Pierre IIIme résidait dépuis un mois à Oranienbaum, maison de Plaisance à 6 lieües d'Allemagne environ, de Petersbourg; Il y vivait livré à tous les plaisirs que l'oisiveté et le pouvoir absolû peuvent faire naitre. Toute son occupation consistait à exercer ses trouppes de Holstein qui faisaient sa garde n'ayant pas un seul soldat Russe avec lui. L'Impératrice ayant (comme je viens de dire) reçû le serment de tous les Ordres de L'Empire, qui se trouvaient en ville, fait promtement des arrangemens convenables aux circonstances, écrit de sa main un ordre conçu en ces termes: ‘Messieurs les sénateurs, Je vais avec mes trouppes pour délivrer la Patrie. En mon absence, je Vous confie l'Etât, le peuple et mon fils, &ca, se mêt à la tête des Régimens et va elle même à Oranienbaum. J'ai eû l'honneur de suivre cette grande Princesse, admirant son courage et sa prudence. Les trouppes qu'Elle conduisait, ne cessaient de réïtérer les marques de leur Zêle et de leur fidélité, criant à tous momens, qu'ils sacrifiaient avec joïe leur vie pour leur patrie et pour leur Souveraine, voulant plûtôt périr, que vivre sous un gouvernement qui leur paraissait plus odieux que la mort. La nuit du 27e Juin v: st: nous marchâmes à Peterhoff, où l'Empereur devait arriver le lendemain, savoir le 28, vielle de son jour de nom. Il y vint en effêt, mais la première chose qu'il y apprit, fût l'absence de L'Impératrice. Un moment après on vint lui dire que les Régiments se révoltaient et proclamaient son Epouse Souveraine. Il envoya tout de suite après ses Trouppes de Holstein, qui étaient à Oranienbaum, à une lieüe de Peterhoff. Il expédia en attendant Courier sur Courier dans la ville, mais les nouvelles qu'il recevait étaient plus tristes l'une que l'autre. Ou lui conseille de se sauver à Cronstadt, forteresse bâtie sur le Golphe; il y va avec sa Cour; le commandant ayant reçû l'ordre de l'Impératrice, qui avait fait plus d'effêt que la présence de l'Empereur, on lui refuse l'entrée; il flatte, il ménace, mais en vain; s'il ne s'en éloigne, on veut faire partir quelque boulêt de Canon; il retourne à Oranienbaum, son peu de courage l'abandonne; ses Trouppes à la vüe d'une poignée de nôtre Cavalerie se dispersent, il envoye le Vice-Chancelier Prince Golitzin avec une lettre, demander grâce à L'Impératrice; le reste de cette scène se trouve dans le Manifeste que j'ai l'honneur de vous envoyer ci-joint.
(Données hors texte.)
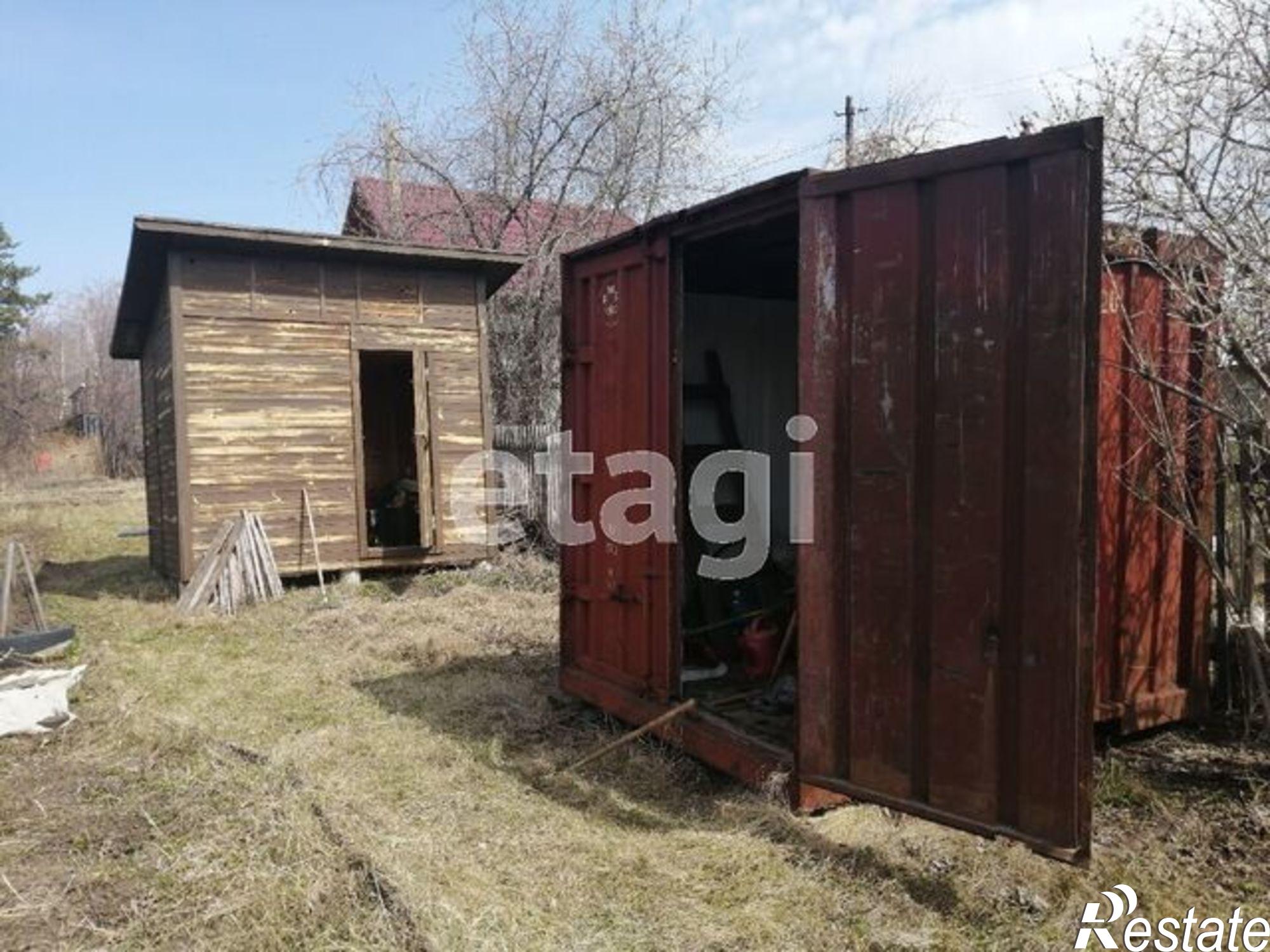 Купить дачу, дом, коттедж за 1 050 000 рублей на Array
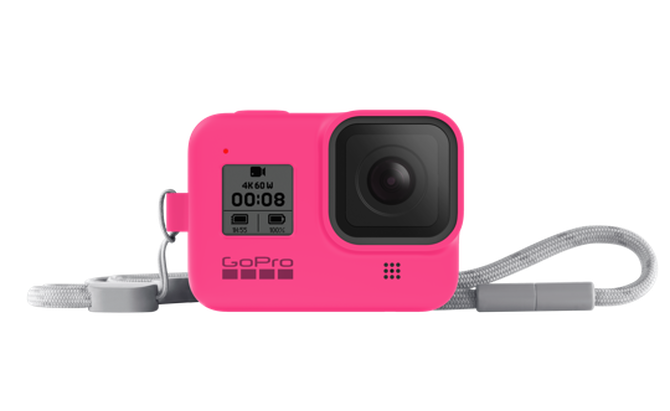 GoPro AJSST-007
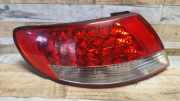 Rücklicht hinten links HYUNDAI GRANDEUR (TG) 3.3 924013LO 924013L0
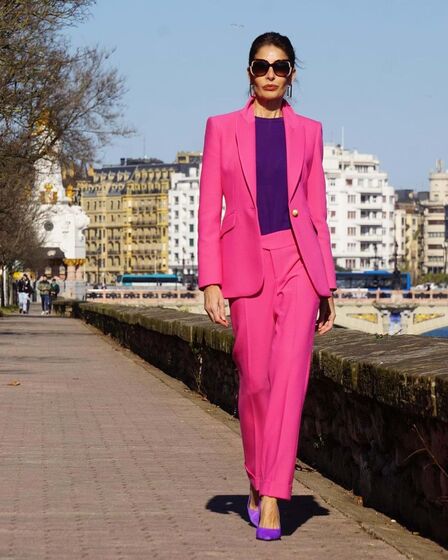 Tendências de verão Indica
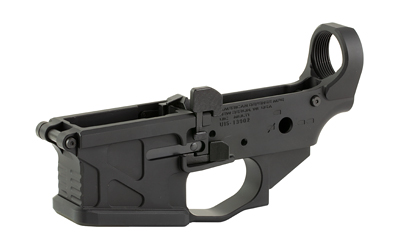 ADMAD-UICLS-BLK_3.jpg AM DEF UIC STRPPD LOWER RECEIVER BLK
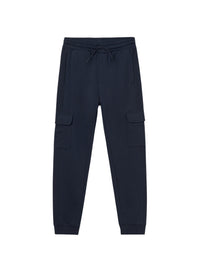 Calça Marinho (Marinho)  para Menino - Mayoral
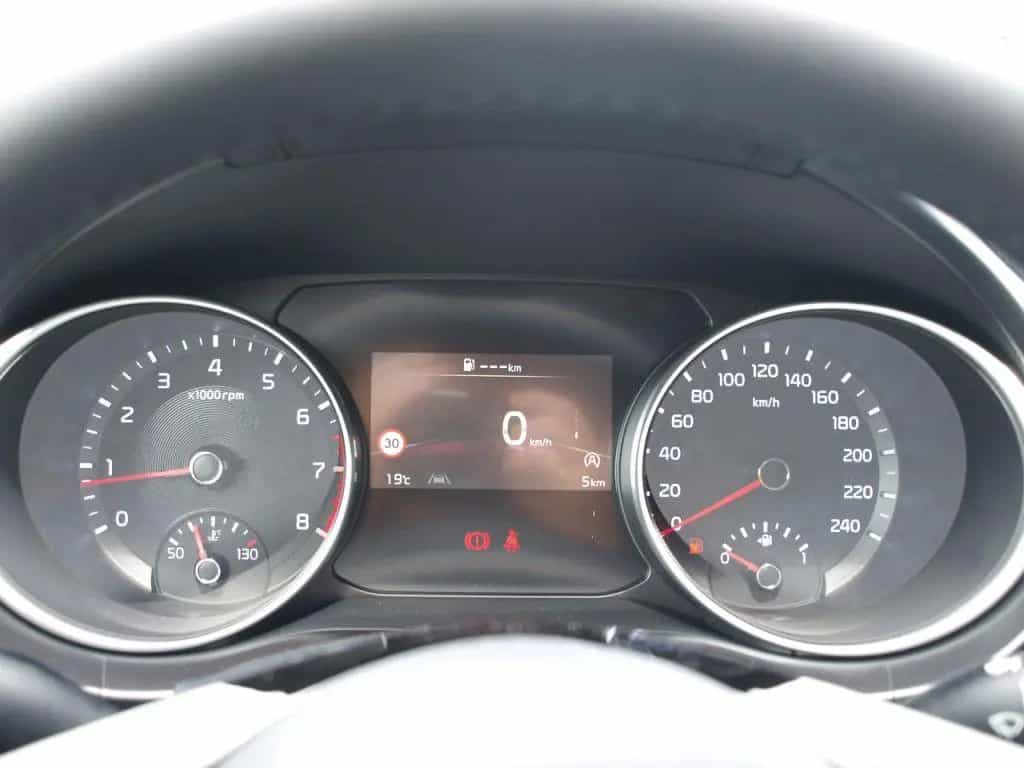Kia Ceed SW 1.5 T OPF LED NAVI MJ25 KAMERA SZHZG TOP 06/2025-photo-16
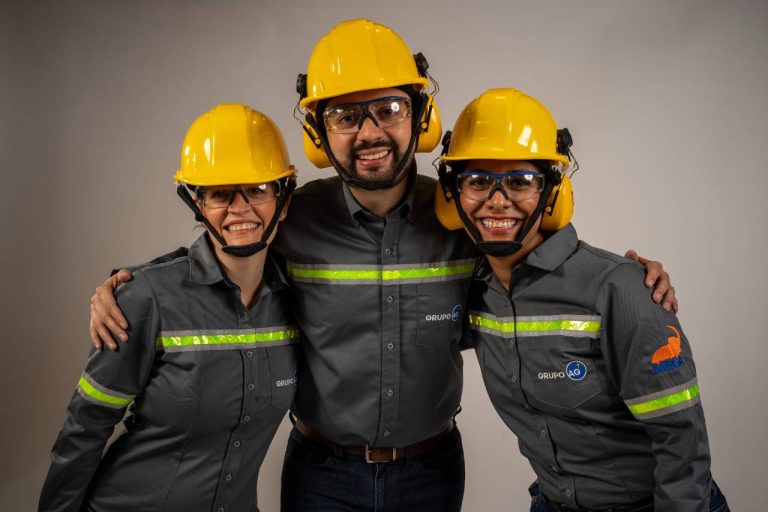 Grupo AG Bienestar Laboral
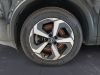 Qashqai E-POWER 190CH BUSINESS detail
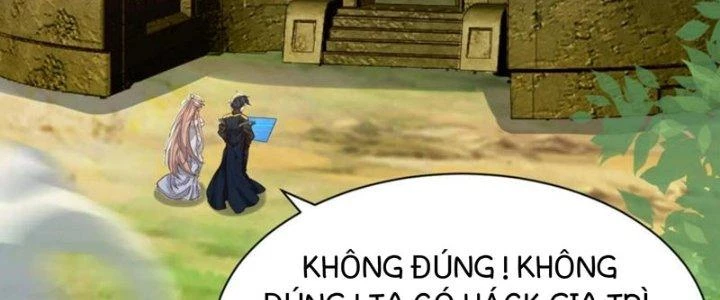 Toàn Dân Lãnh Chủ: Bắt Đầu Xây Dựng Bất Hủ Tiên Vực Chapter 11 - 134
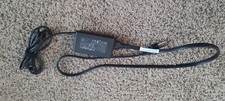 HP 854055-002 19.5V 3.34A 65W Genuine Original AC Power Adapter Charger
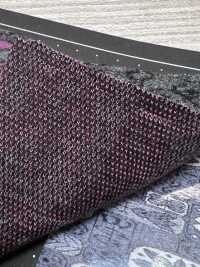 MKA5400 Million Hot Eco Garden JQ[Textile / Fabric] Marukyo Textile صور إضافية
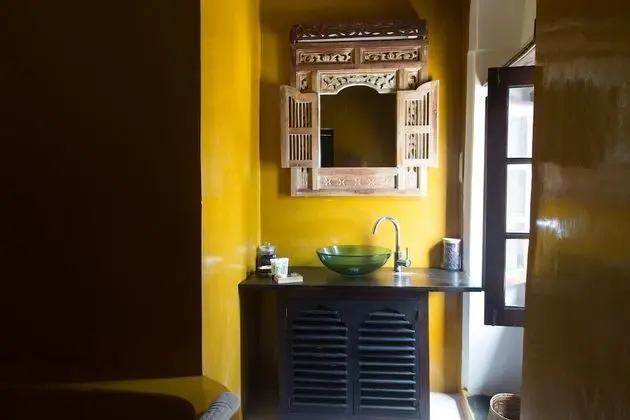 Premium Süit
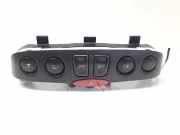 Nottaste FIAT PUNTO (176_) 1.7 TD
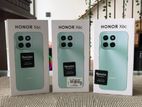 Honor X6c (Brand New)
Vous serés étonné, Monsieur, sans doute, d'apprendre que parmi les Personnes qui ont le plus de part à cette entreprise, se trouve une jeune dame de 19 ans. La Princesse Dasschkoff, née Comtesse de Worontzoff, est l'illustre Héroïne, qui enflamée de Zêle pour la Patrie, et pour nôtre Souveraine, a risqué sa vie pour le Bien public. Elle réunit avec cela tous les charmes du Corps et de l'esprit, et joint une grande érudition à un Génie vaste; en un môt elle mêrite nôtre estime, et vôtre amitié. Ce qu'il y a de suprenant, c'est qu'elle est la propre soeur de la Comtesse Elisabeth Worontzoff, Maitresse de Pierre III, la même dont il est fait mention dans le Manifeste; tant les vertus et les vices, ont divisé leurs intérêts.

Le voyage que je suis obligé de faire à Moscou, pour y assister à la Fête du Couronnement de Notre Auguste Souveraine suspend pour quelque tems celui que je veux faire dans le païs étrangers, et rétarde par conséquent, le plaisir que j'aurais de Vous faire ma Cour.

Mr de Solticoff est retourné dans sa patrie, et j'ose espérer qu'il méritera les éloges que Vous en faites. Ce n'est qu'à Vous Monsieur, qu'il doit ce qu'il a d'estimable, et comme je m'intéresse à son sort, je vous en fais mes très humbles remercimens.

Pardonnés, si je ne vous ai pas écrit de ma main, une fluxion au bras droit, me prive de cet honneur. Je n'en suis pas moins avec le plus tendre attachement,

Monsieur

Votre très humble et très obéïssant serviteur

J. Schouvallow

P. S. Mon attachement pour vous m'oblige de vous faire un vrai récit de cette affaire, et ce n'est que pour mr de Voltaire seul que j'écris.

J'attends une réponse de votre part. Si vous trouverés à propos de dire quelque chose de la princesse de Dasschkoff, vous l'obligerés infiniment. Elle respecte vos écrits imortels. Je vous demande mille pardons de la liberté que je prens. Prenés vous en à vos bontés pour moi.